Bugün aramızda küçük bir sohbet geçti yiğenlerle akşam yemeği öncesinde, birisi lise ikinci sınıfa gidiyor,diğeri geçen yıl mezun oldu kız meslek lisesinden.
"İki yüz lirayla tanesi altı liradan kaç ekmek alınır?"Sorduğuma bin pişman oldum ve utandım,bu kadar da hafife alınmamalı eğitim.Düşünüyor gibi yaptılar ikisi de,belli ki çarpım taplosunu bilmedikleri gibi dört işlemi de bilmiyorlar,telefonlarının hesap makinelerinden bölerek çıkan sonucu söylemeye çalıştılar,söyleyemediler çünkü iki yüz sayısı altıya devirli bölünüyor ve "üç ekmek alınır"diyemedikleri için de suçu hesap makinesine atıp ağlanacak hallerine gülmeye başladılar.

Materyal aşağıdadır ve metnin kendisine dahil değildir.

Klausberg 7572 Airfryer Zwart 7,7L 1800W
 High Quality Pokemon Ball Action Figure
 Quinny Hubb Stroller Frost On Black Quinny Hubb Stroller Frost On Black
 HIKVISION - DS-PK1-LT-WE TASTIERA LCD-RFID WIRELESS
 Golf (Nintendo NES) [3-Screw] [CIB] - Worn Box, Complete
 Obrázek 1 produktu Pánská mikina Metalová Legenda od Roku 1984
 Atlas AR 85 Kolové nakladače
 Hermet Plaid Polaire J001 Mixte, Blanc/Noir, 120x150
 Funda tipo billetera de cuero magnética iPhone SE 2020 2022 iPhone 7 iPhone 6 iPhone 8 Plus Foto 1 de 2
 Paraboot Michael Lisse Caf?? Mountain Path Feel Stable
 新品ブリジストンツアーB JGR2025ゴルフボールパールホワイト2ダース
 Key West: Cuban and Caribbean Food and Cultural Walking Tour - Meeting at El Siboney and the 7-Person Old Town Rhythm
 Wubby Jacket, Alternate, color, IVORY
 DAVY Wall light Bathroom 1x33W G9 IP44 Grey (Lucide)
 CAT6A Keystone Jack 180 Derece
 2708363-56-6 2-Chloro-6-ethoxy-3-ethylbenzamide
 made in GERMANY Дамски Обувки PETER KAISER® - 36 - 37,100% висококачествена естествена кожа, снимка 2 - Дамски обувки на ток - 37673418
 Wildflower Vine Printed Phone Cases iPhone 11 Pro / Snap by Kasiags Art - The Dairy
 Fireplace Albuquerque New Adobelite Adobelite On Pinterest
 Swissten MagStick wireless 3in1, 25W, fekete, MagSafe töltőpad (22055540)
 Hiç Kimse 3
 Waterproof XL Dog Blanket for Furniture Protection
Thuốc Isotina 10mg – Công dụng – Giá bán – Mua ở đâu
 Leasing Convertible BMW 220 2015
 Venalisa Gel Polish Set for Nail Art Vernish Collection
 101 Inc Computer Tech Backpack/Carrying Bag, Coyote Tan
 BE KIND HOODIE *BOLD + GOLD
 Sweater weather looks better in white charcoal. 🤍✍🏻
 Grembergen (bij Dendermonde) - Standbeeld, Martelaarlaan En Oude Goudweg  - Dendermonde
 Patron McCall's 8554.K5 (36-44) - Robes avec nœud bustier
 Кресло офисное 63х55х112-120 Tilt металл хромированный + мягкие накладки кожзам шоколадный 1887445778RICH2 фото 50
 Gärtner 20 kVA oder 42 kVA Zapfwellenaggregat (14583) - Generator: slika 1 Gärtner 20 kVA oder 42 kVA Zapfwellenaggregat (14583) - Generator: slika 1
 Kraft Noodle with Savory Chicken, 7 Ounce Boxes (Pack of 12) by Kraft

Evet sevgili dostlarım bu çocukların hiçbir kabahati inanın yok,neden mi?
Zorunlu eğitim adı altında,sınıfta kalmayı kaldırır,tüm öğrencilere bol kepçeden notlor vererek takdir-teşekkür belgesi dağıtır,herkesi lise veya üniversite mezunu yapacağım diye diretirseniz işte size tablo... Zamana da yazık,paraya da,umutlara da bunu yazarken içim acıyor.
Eğitim şereftir,namustur,dilerim bu yanlıştan biran önce dönerler.